== DIRECTIONS FOR THIS TASK ==
Lines from the one containing "cut diamonds and" through the final line of the records are the only ones to copy, and each must match exactly.

== RECORDS PROVIDED ==
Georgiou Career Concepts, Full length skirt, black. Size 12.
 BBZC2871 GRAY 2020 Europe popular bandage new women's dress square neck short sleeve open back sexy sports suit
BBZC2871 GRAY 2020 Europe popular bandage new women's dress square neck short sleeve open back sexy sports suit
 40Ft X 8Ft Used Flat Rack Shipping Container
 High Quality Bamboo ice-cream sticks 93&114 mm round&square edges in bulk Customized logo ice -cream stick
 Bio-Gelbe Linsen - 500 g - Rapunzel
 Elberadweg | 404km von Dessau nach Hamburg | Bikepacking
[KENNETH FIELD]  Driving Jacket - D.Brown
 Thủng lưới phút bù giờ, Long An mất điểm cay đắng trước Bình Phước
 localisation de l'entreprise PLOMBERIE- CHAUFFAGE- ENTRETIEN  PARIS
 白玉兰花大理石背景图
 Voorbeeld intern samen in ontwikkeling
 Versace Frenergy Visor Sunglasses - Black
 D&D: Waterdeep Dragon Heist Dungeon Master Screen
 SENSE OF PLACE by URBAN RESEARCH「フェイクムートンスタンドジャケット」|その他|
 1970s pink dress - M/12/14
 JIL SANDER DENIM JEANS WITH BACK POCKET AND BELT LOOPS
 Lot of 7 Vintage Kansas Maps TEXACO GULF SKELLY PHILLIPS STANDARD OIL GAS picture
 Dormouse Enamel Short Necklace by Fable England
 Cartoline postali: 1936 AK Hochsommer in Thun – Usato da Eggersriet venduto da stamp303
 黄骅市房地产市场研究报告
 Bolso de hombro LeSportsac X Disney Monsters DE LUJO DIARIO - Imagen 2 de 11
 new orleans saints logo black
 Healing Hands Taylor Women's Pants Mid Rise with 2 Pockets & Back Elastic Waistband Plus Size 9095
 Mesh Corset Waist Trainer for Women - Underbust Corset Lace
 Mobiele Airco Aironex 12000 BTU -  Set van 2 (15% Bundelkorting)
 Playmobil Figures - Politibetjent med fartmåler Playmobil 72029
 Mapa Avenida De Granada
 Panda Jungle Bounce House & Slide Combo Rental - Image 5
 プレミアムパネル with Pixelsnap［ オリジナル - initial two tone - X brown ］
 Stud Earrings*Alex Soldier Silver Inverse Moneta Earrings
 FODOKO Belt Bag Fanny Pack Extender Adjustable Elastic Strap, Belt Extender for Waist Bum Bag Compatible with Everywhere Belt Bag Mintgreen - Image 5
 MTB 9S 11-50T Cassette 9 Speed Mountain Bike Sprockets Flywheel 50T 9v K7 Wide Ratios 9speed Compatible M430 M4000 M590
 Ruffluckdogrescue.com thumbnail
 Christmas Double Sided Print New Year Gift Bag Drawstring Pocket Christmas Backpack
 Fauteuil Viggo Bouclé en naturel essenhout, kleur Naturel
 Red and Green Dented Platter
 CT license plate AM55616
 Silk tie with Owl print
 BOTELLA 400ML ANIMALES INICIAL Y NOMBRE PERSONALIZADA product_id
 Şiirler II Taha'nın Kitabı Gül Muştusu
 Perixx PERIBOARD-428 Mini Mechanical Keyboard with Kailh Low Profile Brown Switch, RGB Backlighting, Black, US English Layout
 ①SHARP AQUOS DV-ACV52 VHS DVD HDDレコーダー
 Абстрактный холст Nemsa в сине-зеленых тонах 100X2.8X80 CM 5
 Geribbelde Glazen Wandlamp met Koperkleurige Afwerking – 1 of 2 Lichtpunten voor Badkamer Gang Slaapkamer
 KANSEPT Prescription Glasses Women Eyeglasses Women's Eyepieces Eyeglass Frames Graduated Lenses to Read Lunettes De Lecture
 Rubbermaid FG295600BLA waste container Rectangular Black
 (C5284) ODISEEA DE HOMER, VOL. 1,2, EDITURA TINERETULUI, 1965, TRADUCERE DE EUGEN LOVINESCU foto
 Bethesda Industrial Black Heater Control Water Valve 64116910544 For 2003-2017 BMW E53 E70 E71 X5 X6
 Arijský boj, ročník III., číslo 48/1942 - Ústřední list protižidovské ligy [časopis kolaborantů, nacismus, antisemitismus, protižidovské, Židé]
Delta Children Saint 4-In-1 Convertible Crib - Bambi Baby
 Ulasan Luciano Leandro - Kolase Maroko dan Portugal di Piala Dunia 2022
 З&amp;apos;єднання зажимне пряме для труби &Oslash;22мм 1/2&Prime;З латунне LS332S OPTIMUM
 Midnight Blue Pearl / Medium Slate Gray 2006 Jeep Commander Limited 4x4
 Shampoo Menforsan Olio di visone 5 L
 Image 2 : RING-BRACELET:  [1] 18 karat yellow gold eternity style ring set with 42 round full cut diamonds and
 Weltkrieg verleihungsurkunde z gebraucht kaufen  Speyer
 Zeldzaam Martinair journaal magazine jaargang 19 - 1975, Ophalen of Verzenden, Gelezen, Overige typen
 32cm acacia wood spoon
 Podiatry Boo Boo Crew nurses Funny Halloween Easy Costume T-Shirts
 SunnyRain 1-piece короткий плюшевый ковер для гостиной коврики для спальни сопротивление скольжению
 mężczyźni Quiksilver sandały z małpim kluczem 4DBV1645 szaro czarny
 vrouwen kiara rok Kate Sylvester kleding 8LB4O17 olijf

== RESPONSE TO THIS TASK ==
 Image 2 : RING-BRACELET:  [1] 18 karat yellow gold eternity style ring set with 42 round full cut diamonds and
 Weltkrieg verleihungsurkunde z gebraucht kaufen  Speyer
 Zeldzaam Martinair journaal magazine jaargang 19 - 1975, Ophalen of Verzenden, Gelezen, Overige typen
 32cm acacia wood spoon
 Podiatry Boo Boo Crew nurses Funny Halloween Easy Costume T-Shirts
 SunnyRain 1-piece короткий плюшевый ковер для гостиной коврики для спальни сопротивление скольжению
 mężczyźni Quiksilver sandały z małpim kluczem 4DBV1645 szaro czarny
 vrouwen kiara rok Kate Sylvester kleding 8LB4O17 olijf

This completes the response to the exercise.